Most people start BJJ at a proper gym. Danial Raza started in a Gracie Garage with his friends, family, and a shared obsession with learning Gracie Combatives from the ground up. That was over 10 years ago, and, to be honest, it defined everything about the kind of instructor he became.
These days, Danial teaches Brazilian Jiu Jitsu at REVMMA in Toronto. And the students who’ve trained under him will tell you one common thing: there’s nobody quite like him on the mats. He has a rare combination of technical sharpness and genuine patience. It is really important to him that you understand the mechanics before moving on.
He works with students of all levels. Always has. And the reason he keeps coaching is that BJJ changes people: how you handle pressure, how you think, how you carry yourself when things get hard. That’s what he’s really teaching. The chokes and sweeps are just the beginning.

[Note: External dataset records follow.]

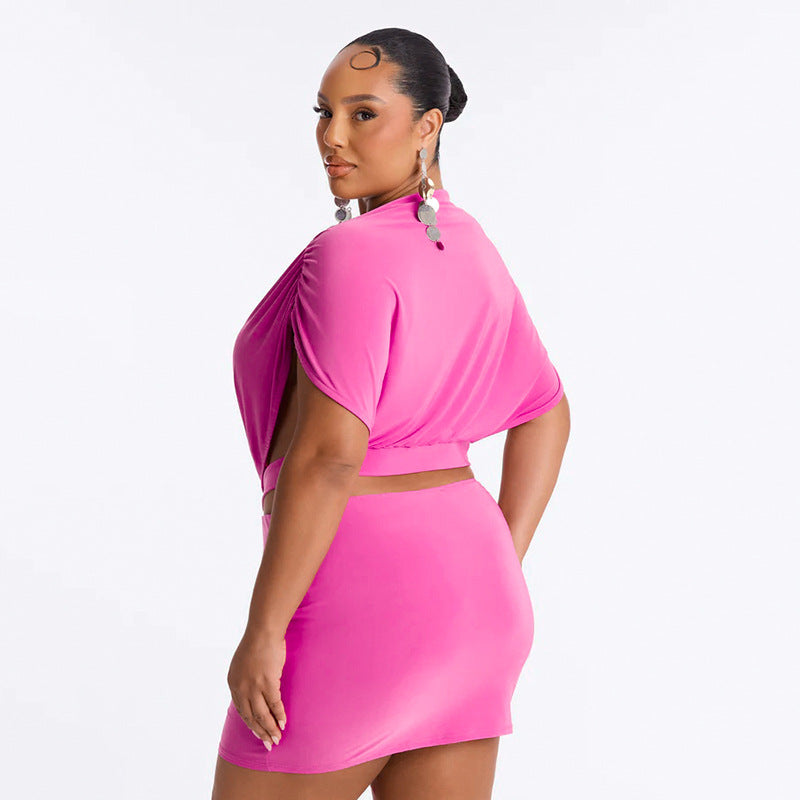 Women Clothing Summer Solid Color Casual Slim Pleated Short Sleeves Hollow Out Cutout Ribbon Short Dress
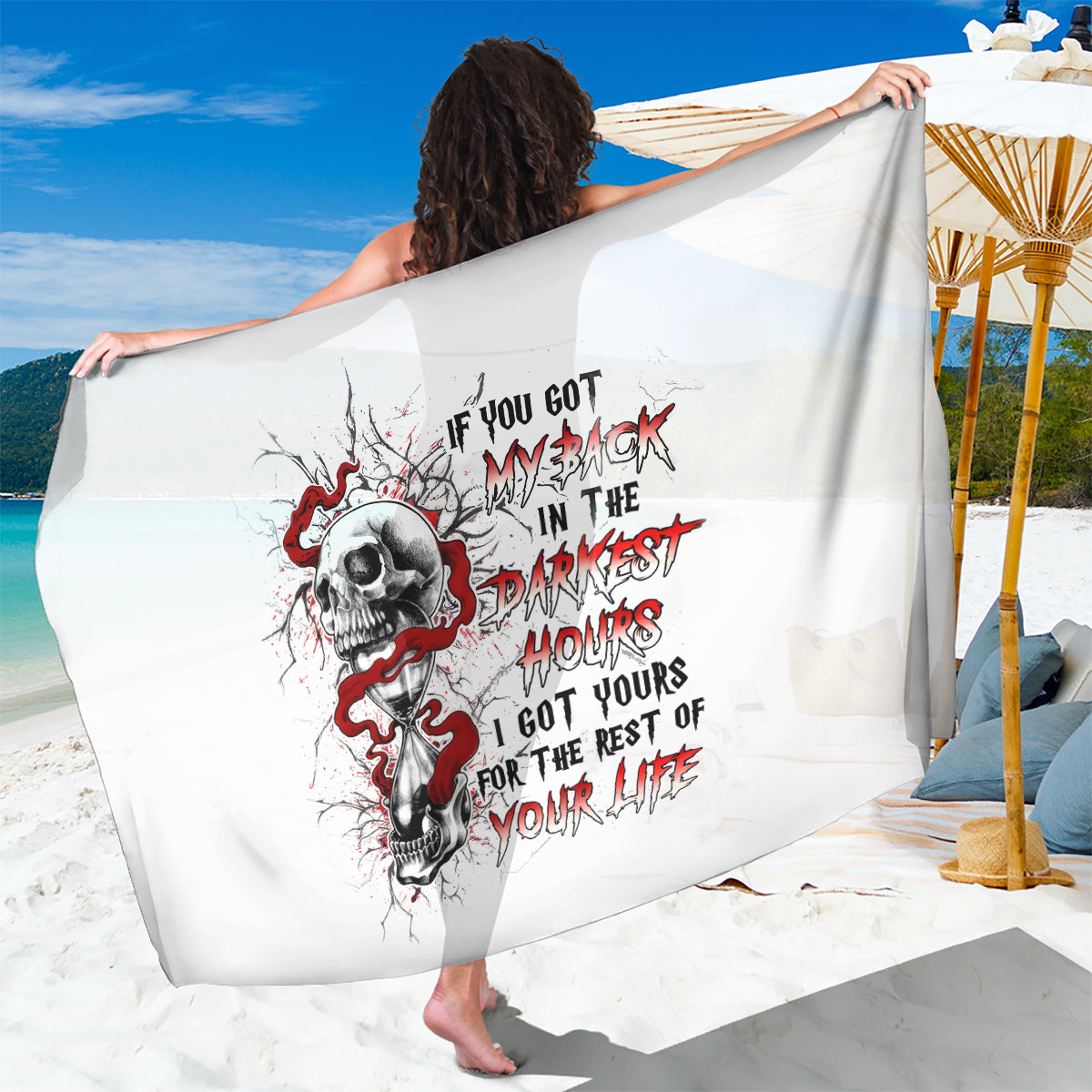 Blood Skull Sarong You Got My Back I Got Your Rest Of Your Life - Wonder Print Shop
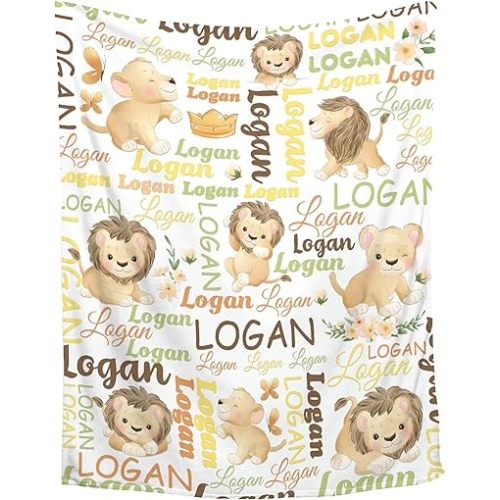 Personalized Baby Blanket for Girls Boys Lion Custom Baby Blanket with Name Swaddle Blanket for Toddlers Infants Kids Shower Newborns Nursery Stroller Crib Decor Throw Birthday Gift
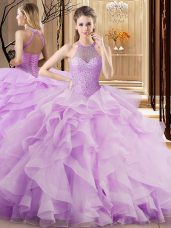 Lilac Organza Lace Up Halter Top Sleeveless Ball Gown Prom Dress Brush Train Beading and Ruffles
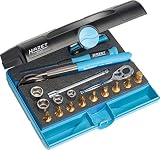 Liebevoll kreierte Zusammenstellung von Vollstahlknarre mit verschiedenen Steckschlüssel- und Schraubendreher-Einsätzen ( Bits ) über Mini-Klappmesser und Elektronik-Schraubenderher bis zur 175mm Universalzange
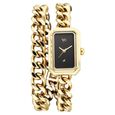Vyb Showstopper By Fastrack Quartz Analog Black Dial Golden Metal Strap Watch For Girls - image number 1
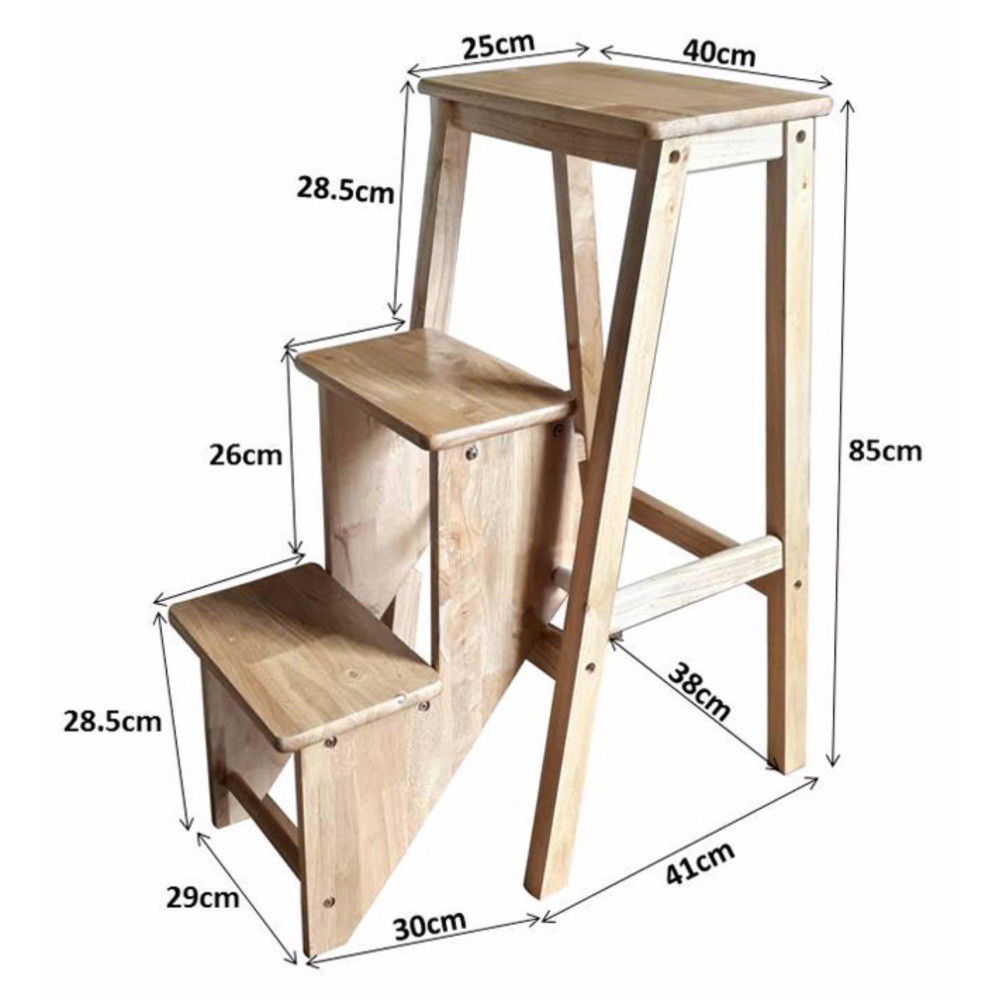 Ghế gỗ cao su 3 bậc gấp gọn, màu vàng nhạt, kích thước N400xS410xC850mm
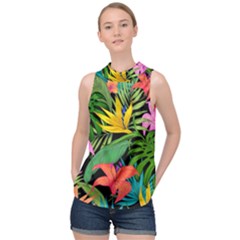 Tropical Greens High Neck Satin Top by Sobalvarro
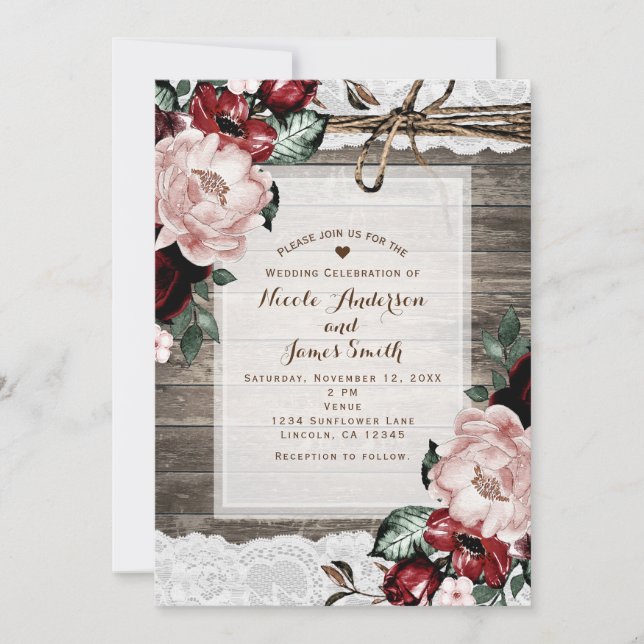 Convite Casamento Rústico Floral Glam com Madeira e Renda  (Frente)
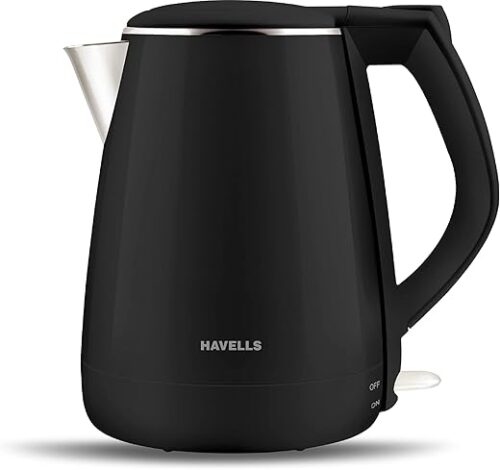 Havells Aqua Plus Electric Kettle 1.2 Litre, 1250 Watt | 304 Stainless Steel Inner Body | Cool Touch Body | Auto Shut-Off |Wider Mouth|2 Years Door Step Warranty by Havells (Black)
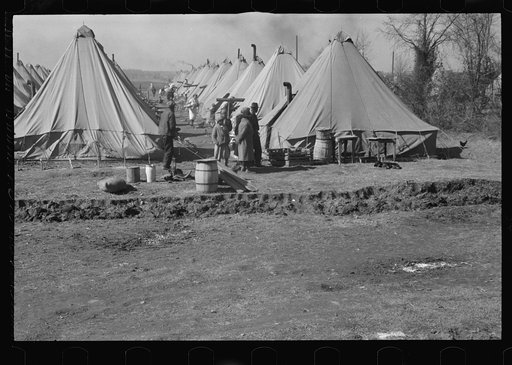 Untitled photo, possibly related to: A street of tents in the camp for flood refugees of Forrest City, Arkansas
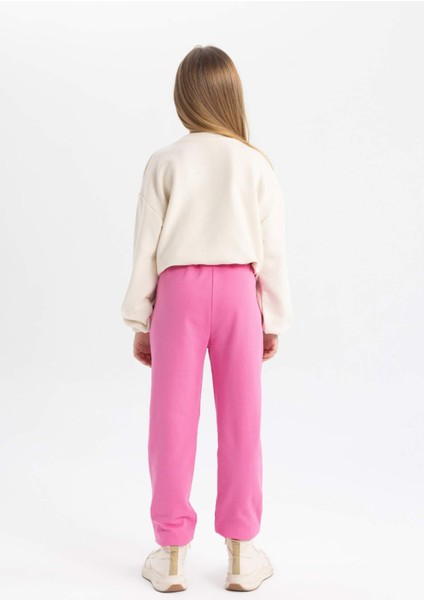 Kız Çocuk Baskılı Beli Bağcıklı Lastikli Paça Cepli Jogger Eşofman Altı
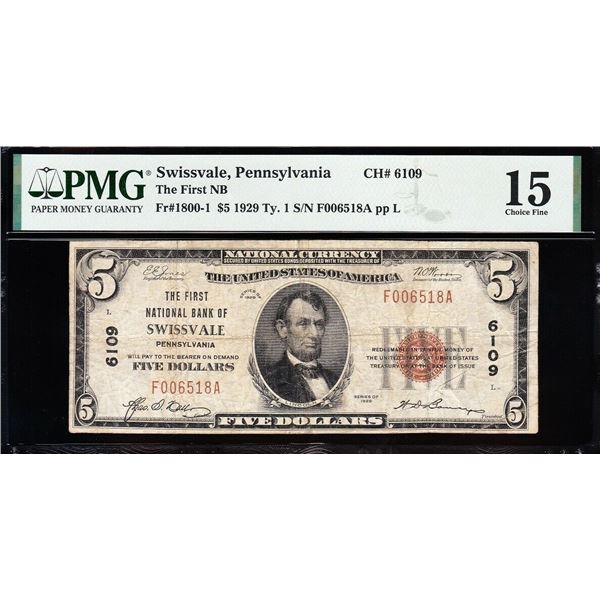 1929 $5 Swissvale PA National PMG 15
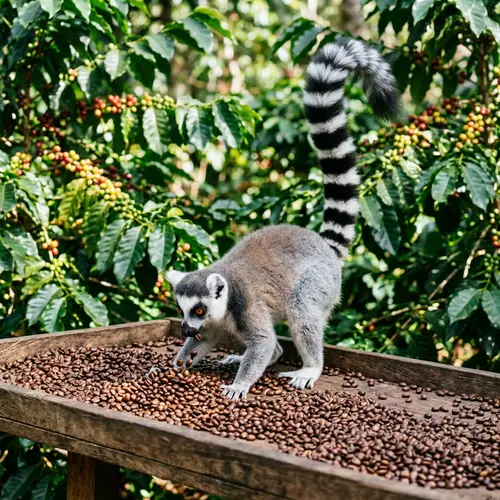 Coffee Bean Ringtail Lemur Playtime Delight
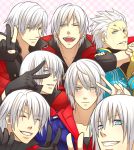  6+boys anger_vein arm_around_shoulder black_gloves blue_eyes blush closed_mouth coat dante_(devil_may_cry) devil_may_cry devil_may_cry_2 devil_may_cry_3 devil_may_cry_4 eyebrows_visible_through_hair eyes_closed facial_hair fingerless_gloves gloves gvwjklj00010tqly jewelry multiple_boys nero_(devil_may_cry) open_mouth patterned patterned_background ring short_hair silver_hair smile stubble sweat sweatdrop v veins vergil white_hair yellow_gloves 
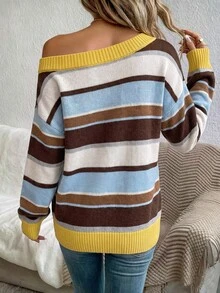 SHEIN LUNE Suéter con hombros caídos y estampado de rayas - Multicolor - Ver 2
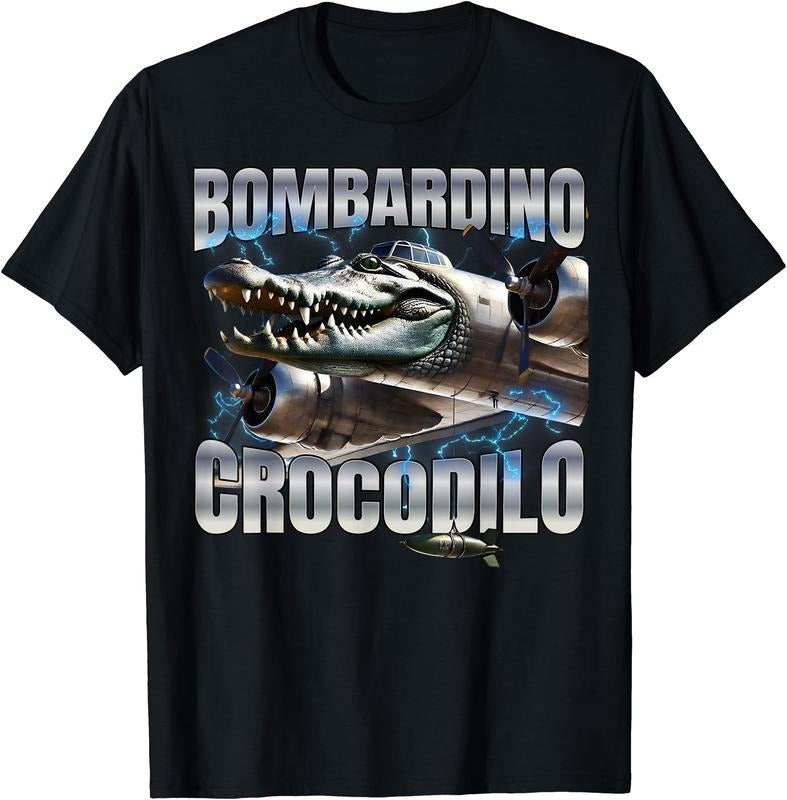 Italian Brainrot Bombardino Crocodilo T-Shirt | Unisex Cotton Tee Gift, Crewneck, Short Sleeve Hoodie, Sweatshirt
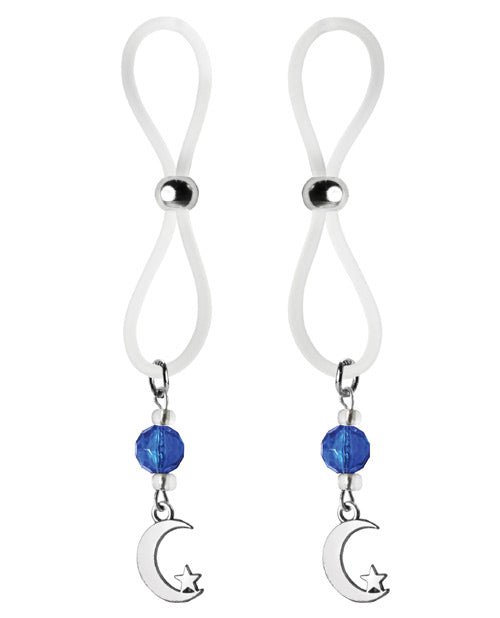 Bijoux De Nip Nipple Halos Moon & Star Charm - Blue/clear | Shop Lowest Prices at Funlove.com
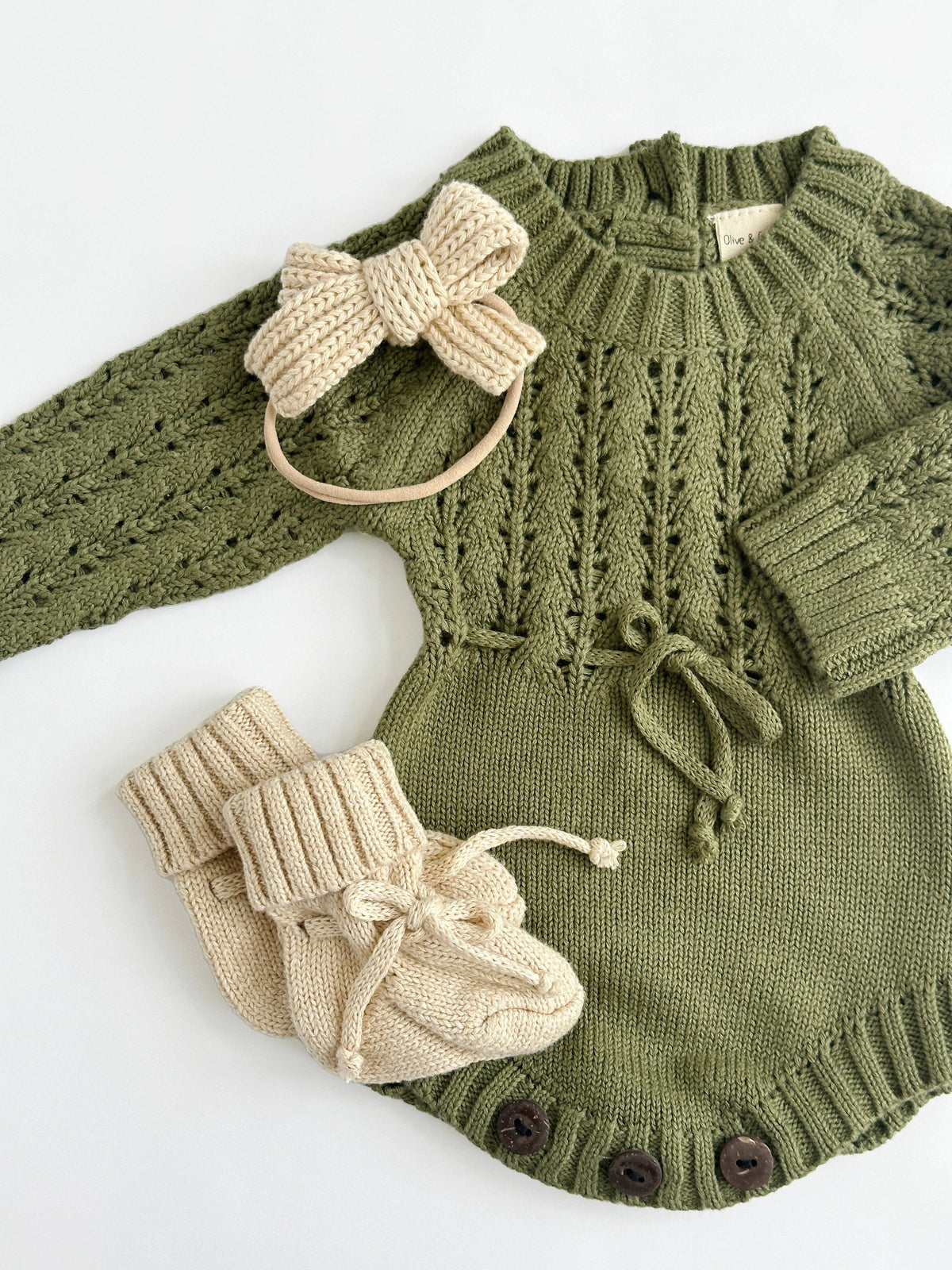 Baby Knit Booties Socks - Mauve / 3-9m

Ask any parent at REVMMA in Toronto, and they will say the same thing — watching Daniel with their child for the first time is something special. He is truly passionate, speaks their language, and makes a four-year-old feel as if they have just performed the most skillful move on the mat. And somehow, that kid believes it. Because with Danial, they did. He teaches students starting at age three. And he runs multiple youth programs, including:
Confidence, discipline, respect — that’s what every class comes back to. Danial doesn’t just run programs. He builds kids up, one class at a time, until they start doing it for themselves.


Danial’s not a “just go roll” kind of coach. Every class has structure: proper mechanics, positional control, and efficient movement. He wants his students to understand what they’re doing and why they’re doing it, not just copy a move and hope for the best. The advanced students get pushed. The beginners never feel lost. That balance is harder to pull off than it sounds.
He has a favorite saying that he often repeats: “You don’t grow when you’re comfortable. You grow when you’re tired and disappointed, but you keep moving forward anyway.”
Daniel bases his classes on the idea that discipline and resilience are things that need to be practiced over and over again until they become part of your lifestyle. At REVMMA in Toronto, students come to learn Brazilian Jiu Jitsu and self-defense, and at some point, they realize they are becoming fitter, calmer, and more resilient to stress. That’s the Danial Raza effect.